Section 1617, Rev. Civ. Code, is identical with section 1195, Rev. Code 1919. Consequently, the foregoing states the rule applicable to the case at bar. In the Ramsey opinion it was repeatedly stated that the accused intentionally deceived his client. O’n the other hand, in the case at bar, the letter itself, of the contents of which Howard was fully informed, indicates, not intentional misrepresentation nor fraud, but the reverse. A lawyer intending to defraud an Indian client would scarcely write a letter like that to become a part of the files of the Indian Department. Perhaps no considerable class of client in South Dakota has greater need of honest counsel than fee patent Indians. . The offices of lawyers who are willing to report their transactions over their own signatures as Potts did should not be closed to that class of clients by a holding that it is prima facie fraudulent to fail to recite a transaction with all the scrupulous exactness and completeness of a hypothetical question propounded to a technical expert on the witness stand. The gist of this matter is, Did Potts take advantage or intentionally misrepresent? As I read the evidence, he did not. That, however, is matter for the trial court to decide.

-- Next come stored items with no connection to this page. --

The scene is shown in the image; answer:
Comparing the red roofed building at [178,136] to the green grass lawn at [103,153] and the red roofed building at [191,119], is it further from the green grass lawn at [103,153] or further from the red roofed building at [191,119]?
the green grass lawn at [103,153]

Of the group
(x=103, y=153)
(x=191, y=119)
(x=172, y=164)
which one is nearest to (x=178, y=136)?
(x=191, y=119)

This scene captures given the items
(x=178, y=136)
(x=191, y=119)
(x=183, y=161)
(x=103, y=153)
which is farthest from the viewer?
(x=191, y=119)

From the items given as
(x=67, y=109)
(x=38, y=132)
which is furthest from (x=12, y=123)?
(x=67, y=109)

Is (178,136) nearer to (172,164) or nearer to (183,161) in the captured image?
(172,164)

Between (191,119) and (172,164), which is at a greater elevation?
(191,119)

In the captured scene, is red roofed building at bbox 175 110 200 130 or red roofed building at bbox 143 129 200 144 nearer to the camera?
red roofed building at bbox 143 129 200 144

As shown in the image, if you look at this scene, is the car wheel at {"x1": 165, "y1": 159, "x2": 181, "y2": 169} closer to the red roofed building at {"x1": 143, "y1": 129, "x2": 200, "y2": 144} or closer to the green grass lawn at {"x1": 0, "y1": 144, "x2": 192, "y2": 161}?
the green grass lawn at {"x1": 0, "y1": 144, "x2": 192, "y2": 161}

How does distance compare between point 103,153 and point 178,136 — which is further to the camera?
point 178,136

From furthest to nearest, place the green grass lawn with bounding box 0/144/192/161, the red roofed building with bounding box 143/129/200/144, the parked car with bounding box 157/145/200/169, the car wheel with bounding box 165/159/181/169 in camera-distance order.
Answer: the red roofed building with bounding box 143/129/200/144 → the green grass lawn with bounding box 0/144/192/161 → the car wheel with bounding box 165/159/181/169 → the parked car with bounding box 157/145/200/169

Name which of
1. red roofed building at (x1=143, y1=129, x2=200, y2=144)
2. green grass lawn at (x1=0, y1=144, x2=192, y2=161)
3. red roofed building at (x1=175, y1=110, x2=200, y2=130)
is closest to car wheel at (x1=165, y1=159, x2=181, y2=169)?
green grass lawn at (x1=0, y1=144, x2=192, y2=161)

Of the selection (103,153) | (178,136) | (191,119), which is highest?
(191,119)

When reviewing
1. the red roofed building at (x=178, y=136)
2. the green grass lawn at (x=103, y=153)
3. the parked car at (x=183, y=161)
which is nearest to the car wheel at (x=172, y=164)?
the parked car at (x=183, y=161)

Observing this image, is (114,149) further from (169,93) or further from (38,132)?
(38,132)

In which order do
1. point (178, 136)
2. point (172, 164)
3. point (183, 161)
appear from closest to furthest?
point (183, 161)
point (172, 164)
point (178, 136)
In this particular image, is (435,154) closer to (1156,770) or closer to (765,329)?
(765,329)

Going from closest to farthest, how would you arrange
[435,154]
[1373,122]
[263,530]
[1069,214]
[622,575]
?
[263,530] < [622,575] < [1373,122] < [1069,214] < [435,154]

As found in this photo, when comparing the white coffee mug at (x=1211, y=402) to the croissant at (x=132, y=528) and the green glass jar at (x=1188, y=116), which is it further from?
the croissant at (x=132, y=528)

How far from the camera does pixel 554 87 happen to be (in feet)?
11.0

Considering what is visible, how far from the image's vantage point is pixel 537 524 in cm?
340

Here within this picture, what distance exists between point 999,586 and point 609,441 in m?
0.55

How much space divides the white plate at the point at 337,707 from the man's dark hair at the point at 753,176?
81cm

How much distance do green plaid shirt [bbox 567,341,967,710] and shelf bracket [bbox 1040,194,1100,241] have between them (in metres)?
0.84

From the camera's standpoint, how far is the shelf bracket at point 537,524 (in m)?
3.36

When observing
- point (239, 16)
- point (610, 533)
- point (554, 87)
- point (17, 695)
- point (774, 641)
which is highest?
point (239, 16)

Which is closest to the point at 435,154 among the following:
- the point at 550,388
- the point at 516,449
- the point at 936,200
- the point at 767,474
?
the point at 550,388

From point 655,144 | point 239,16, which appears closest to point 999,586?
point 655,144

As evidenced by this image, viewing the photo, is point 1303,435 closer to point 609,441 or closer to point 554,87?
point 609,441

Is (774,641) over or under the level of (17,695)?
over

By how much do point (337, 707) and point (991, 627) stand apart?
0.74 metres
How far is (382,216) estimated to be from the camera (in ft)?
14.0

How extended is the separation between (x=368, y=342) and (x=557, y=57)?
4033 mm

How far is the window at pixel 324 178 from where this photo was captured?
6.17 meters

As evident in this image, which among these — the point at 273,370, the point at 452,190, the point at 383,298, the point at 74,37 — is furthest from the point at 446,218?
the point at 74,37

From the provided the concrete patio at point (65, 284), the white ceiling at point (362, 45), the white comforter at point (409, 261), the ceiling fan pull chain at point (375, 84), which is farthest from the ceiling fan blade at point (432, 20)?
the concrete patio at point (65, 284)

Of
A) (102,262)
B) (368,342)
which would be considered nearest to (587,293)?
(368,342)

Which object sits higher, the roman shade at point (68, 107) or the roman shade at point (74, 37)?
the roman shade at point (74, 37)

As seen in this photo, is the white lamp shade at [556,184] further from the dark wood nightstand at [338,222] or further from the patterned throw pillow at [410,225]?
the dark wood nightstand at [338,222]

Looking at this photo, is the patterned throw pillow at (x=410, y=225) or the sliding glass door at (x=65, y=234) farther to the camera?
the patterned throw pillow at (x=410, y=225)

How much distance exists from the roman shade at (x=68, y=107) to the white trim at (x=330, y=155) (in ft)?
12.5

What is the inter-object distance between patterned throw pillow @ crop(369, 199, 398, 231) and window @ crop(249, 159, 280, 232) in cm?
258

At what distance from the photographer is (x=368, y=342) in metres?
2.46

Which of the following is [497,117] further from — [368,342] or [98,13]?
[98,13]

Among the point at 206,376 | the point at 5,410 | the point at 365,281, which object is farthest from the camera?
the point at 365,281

The utmost that was found in the case at bar was that the letter contained inaccuracies, did not contain all the facts, and that Howard contracted1 on the basis of the statements in the letter. The price agreed upon by respondent was a fair price for his equity- There is not within the trial court’s decision a finding of breach- of faith, of intentional taking advantage, or of intentional misrepresentation or concealment. In the absence of such a finding, respondent is not entitled to judgment. I concur in the reversal of the judgment.